ASSIGNMENT :: Go through the listing below and retype exactly the lines starting at the one with "Samsung Wallet di" and ending at the one with "Azimut Atlantis 45", skipping pictures.

PROVIDED DATA ::
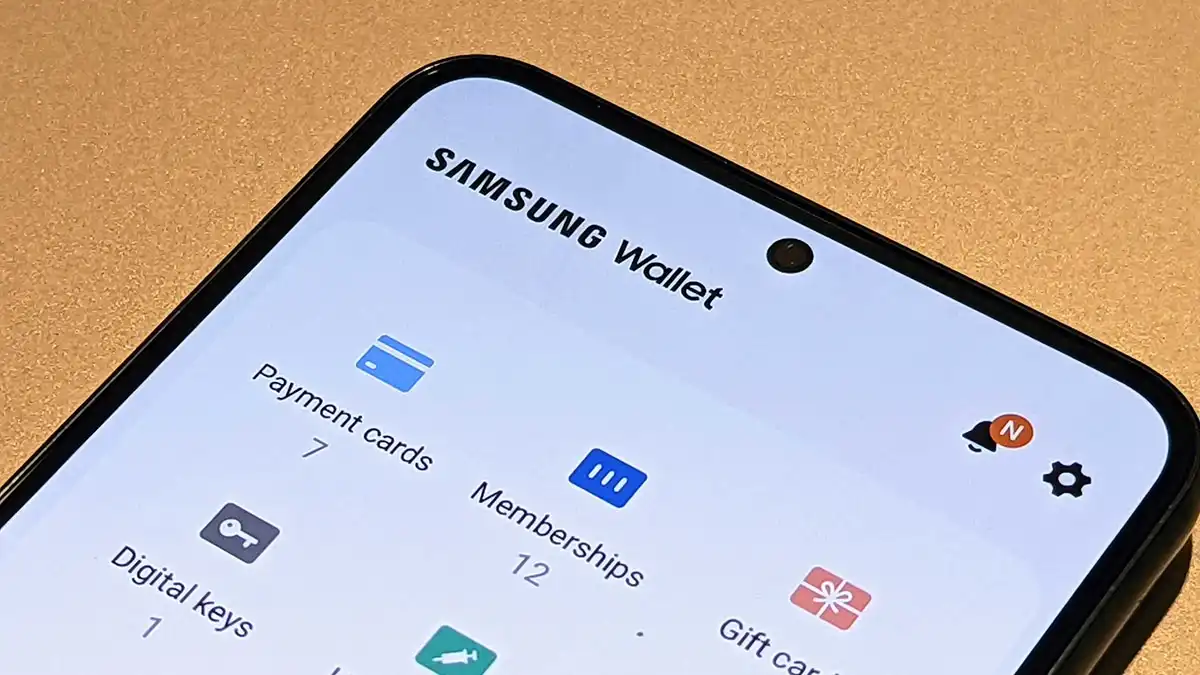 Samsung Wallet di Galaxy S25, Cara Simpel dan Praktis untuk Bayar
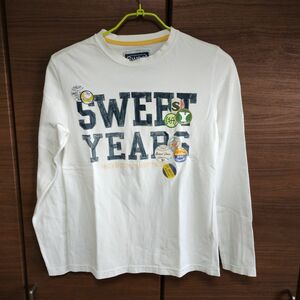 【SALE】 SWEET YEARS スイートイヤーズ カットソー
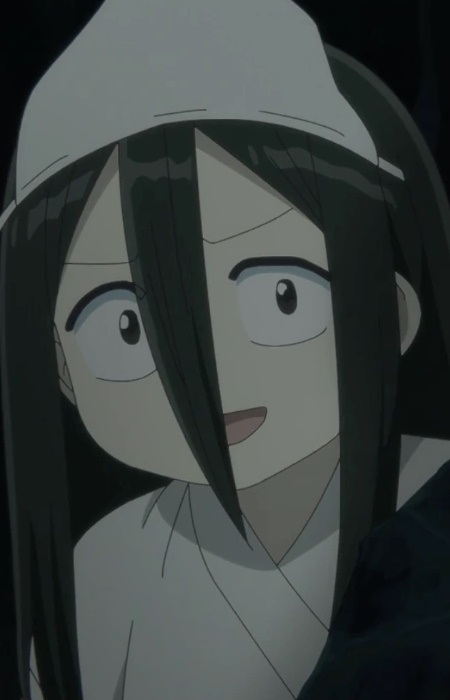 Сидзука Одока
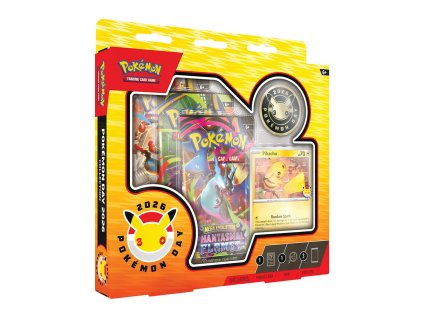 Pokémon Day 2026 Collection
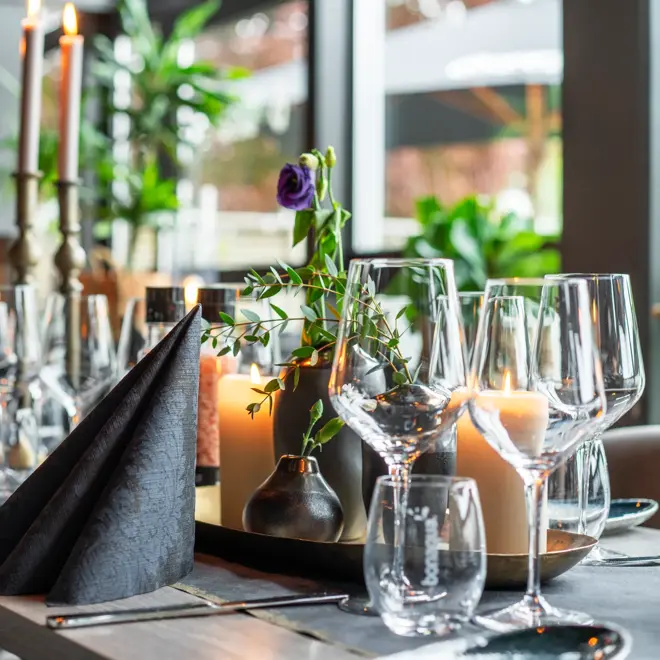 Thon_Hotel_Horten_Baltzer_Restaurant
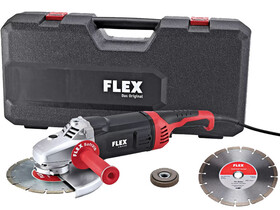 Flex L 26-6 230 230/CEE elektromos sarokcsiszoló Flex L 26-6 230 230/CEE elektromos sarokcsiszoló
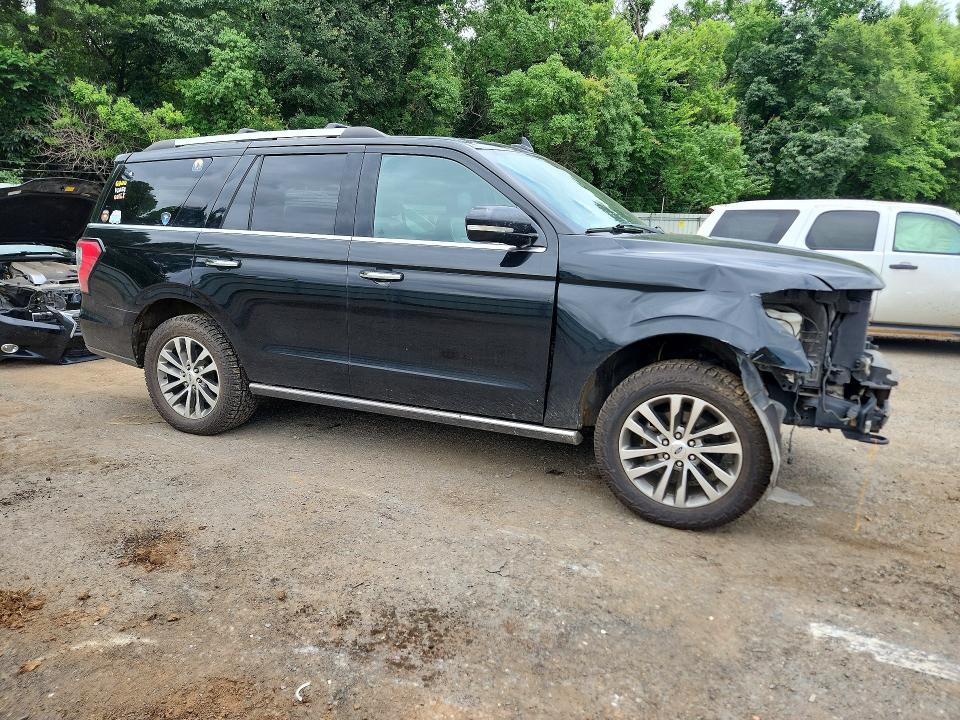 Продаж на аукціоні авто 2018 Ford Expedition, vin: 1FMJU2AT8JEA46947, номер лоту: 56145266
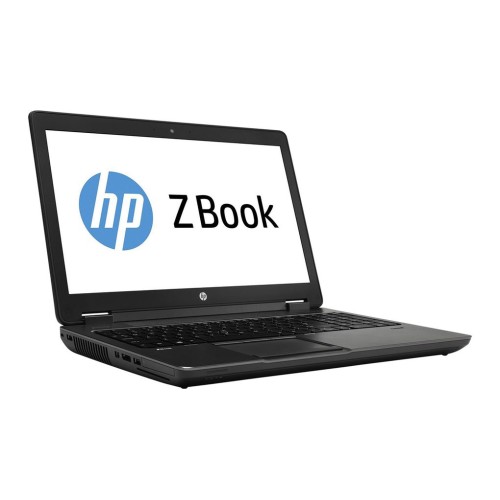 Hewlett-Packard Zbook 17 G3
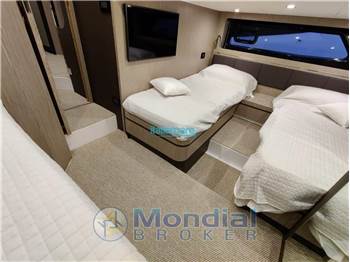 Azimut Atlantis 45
* * *
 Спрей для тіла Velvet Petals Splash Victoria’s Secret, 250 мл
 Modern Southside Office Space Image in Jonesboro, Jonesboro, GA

COMPLETED EXERCISE ::
 Samsung Wallet di Galaxy S25, Cara Simpel dan Praktis untuk Bayar
 【SALE】 SWEET YEARS スイートイヤーズ カットソー
 Сидзука Одока
 Pokémon Day 2026 Collection
 Thon_Hotel_Horten_Baltzer_Restaurant
 Flex L 26-6 230 230/CEE elektromos sarokcsiszoló Flex L 26-6 230 230/CEE elektromos sarokcsiszoló
 Продаж на аукціоні авто 2018 Ford Expedition, vin: 1FMJU2AT8JEA46947, номер лоту: 56145266
 Hewlett-Packard Zbook 17 G3
 Azimut Atlantis 45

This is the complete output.